Usability features are good. A third-party app let me easily make a custom ring tone. But AT&T doesn't have the reliability of coverage that I was getting with Verizon. Of course, folks who hang out in different places, may get different results. But the A-number-1 function of a phone, for me, is so that [livejournal.com profile] kestrell can reach me in an emergency. So this is a pretty serious mark-down.

2) Ebook Editor. Meh.
I really like reading ebooks on my phone. But many of the books I read are scanned, and need corrections. I also like to write on my phone (and am writing this review on it!). So I don't just need a reader, but a robust editor as well. This actually divides up into many subcategories.
2a) Storage. Excellent.
This is the main reason I went with the iPhone, 16 GB of onboard storage. My old phone had an SD card, but if you use it as much as I did, those cards wear out and start corrupting files after about six months, which is clearly unacceptable. I currently keep about 300 MB of documents on my phone, and I expect that number to keep going up. The iPhone is the only one on the market that has enough built-in storage.
2b) Battery Life. Meh.
While the iPhone's battery is plenty good enough for the average user, I'm not that. When being used near-constantly, as, say, at a convention, the battery won't last out the day. I get paranoid when phone batteries run low, as reliability ( in all senses) is important to me. I solved this problem with third party hardware. There are several different iPhone battery extenders on the market, which shows that I am not alone in considering it a problem. I got the most powerful one, a Fastmac ($99), which in hindsight may have been overkill. On the other hand, it can be used to charge other USB devices, and has a potent flashlight built in, so those are fun.
2c) Text Entry/Edit. Average.
Lack of a tactile keyboard is annoying. The software one does work pretty well. Many typos get mitigated by an autocorrection system, which is usually correct (though it does have a baffling desire to replace "or" with "o'r"). Moving the selection point is a bit harder with a finger than with a stylus. The methods for selecting arbitrary blocks of text still sort eludes me in practice, though the theory is simple enough.
2d) Software. Meh.
On my old phone, I used Documents To Go, and I saw that there was a version available for iPhone, so I naturally went there first. The iPhone version is rather different from the Palm version, some improvements, some missing basics. The desktop synching software is easier to use in the iPhone version, which can remember folder and subfolder information from your PC. It does have a limitation (common to many iPhone apps, as it apparently stems from some bizarre Apple 'security' policy) that it cannot synch documents over the synch cable, but has to synch them over wireless. This was a bit of a problem for me, as I had previously had no use for wireless, but a relatively cheap dongle was able to fix that for me. One very serious flaw is the lack of ability to set bookmarks, which makes reading/editing lengthy documents quite awkward. I have hopes that a future upgrade will include this functionality, but for the moment it's just a hope. DTG is still the most advanced editor out there for the iPhone; none of the others have bookmars either (though several plain reader programs do).
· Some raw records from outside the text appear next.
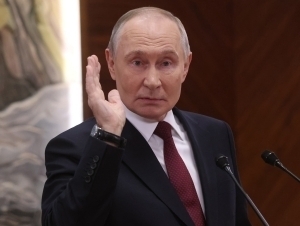 Путин болаларга Украинадаги урушни “озуқа занжири” мисолида тушунтиришни таклиф қилди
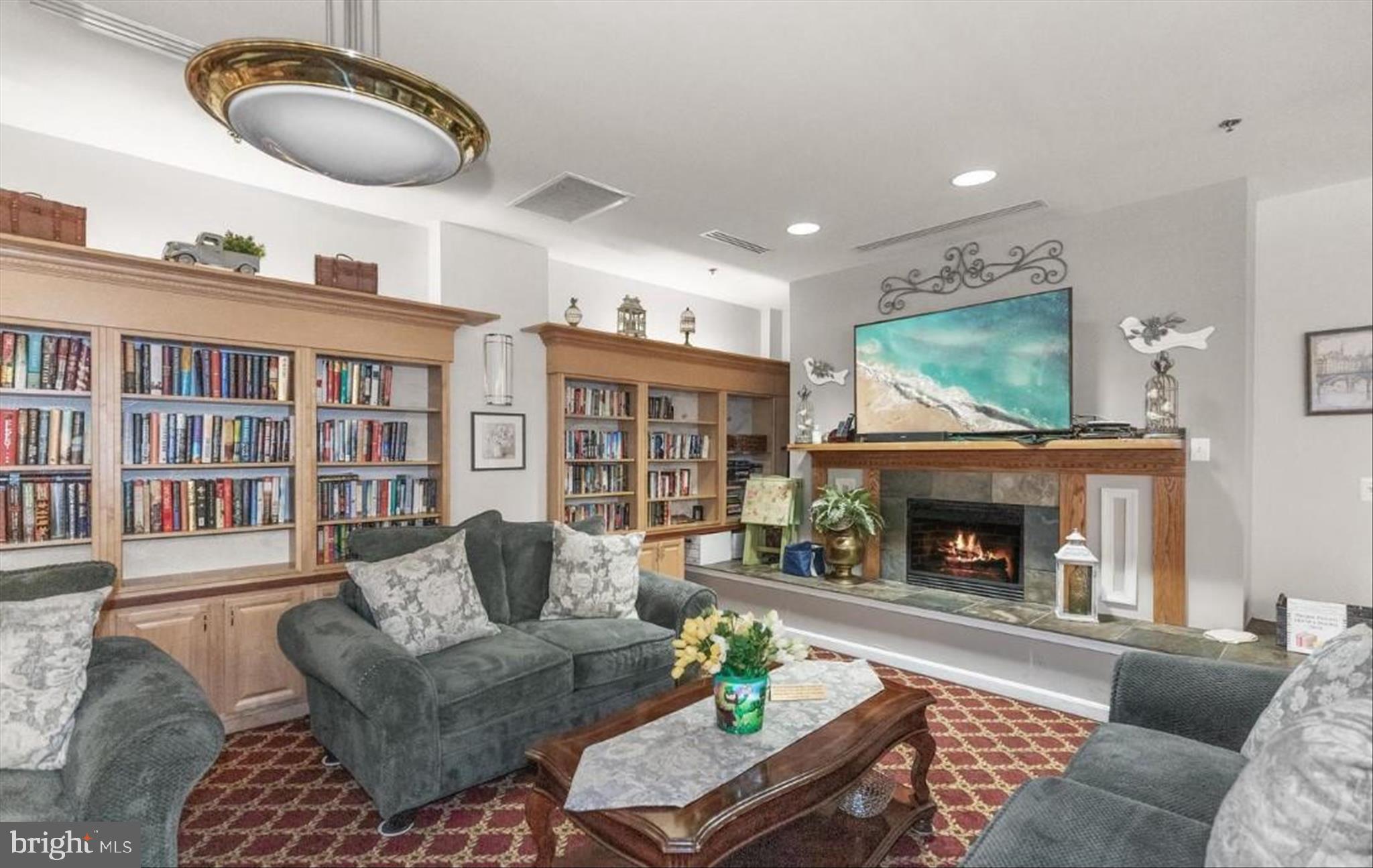 HEARTHSTONE AT VILLAGE CREST CONDOMINIUMS - Residential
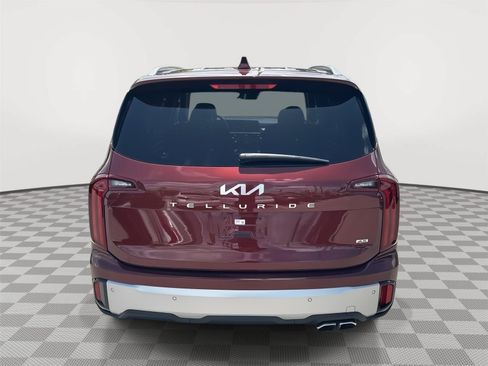 Used 2023 Kia Telluride S AWD/4WD image 6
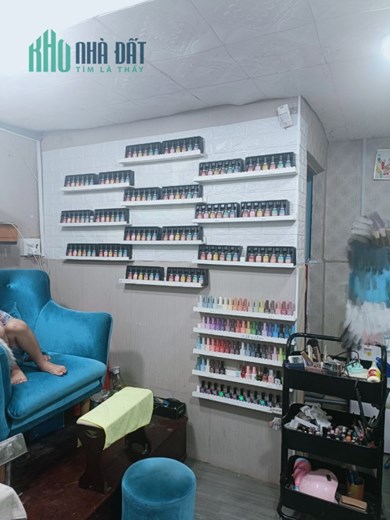 SANG NHƯỢNG TIỆM NAIL MI, GỘI ĐẦU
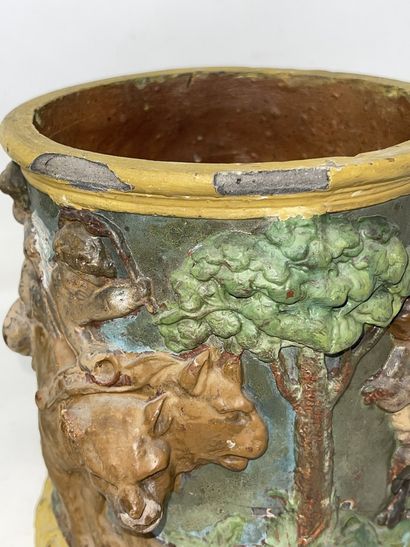 null Tobacco pot in glazed earth decorated with cherubs on dogs, fretel in the shape...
3) Calendar/Alarm. Epic Fail.
The builtin calendar program is pretty bare bones. It will let you specify simple repeats for recurring items, but not such complex ones as "second Thursday of the month" or "every 28 days". It allows you to attach a maximum of 2 alarms to an item, and only one by default. Once those alarms have gone off, it will never bug you again, nor give you any indication that you may have missed something. I got very used to the way my Palm would bug me every five minutes until I explicitly acknowledged the appoinment; indeed, this functionality is vital when using a device as an 'alarm clock with snooze'. I tried purchasing a third party replacement app, but their alarm functions are *worse*! Apparently another of Apple's 'security' notions means that these apps have no background or interrupt ability. As near as I can tell, a third party calendar is only allowed by the OS to set off an alarm when the phone is turned on, and the calendar app itself is open. Totally useless. This feature is *such* an epic fail that I am still carrying around my non-phone-connected Palm for the sole purpose of filling this function.

Final Verdict: Meh.
I am definitely feeling some buyer's remorse. On the flip side, my perfect device doesn't seem to exist, so compromise is necessary. I will definitely be keeping an eye open for a better compromise in a year o'r so...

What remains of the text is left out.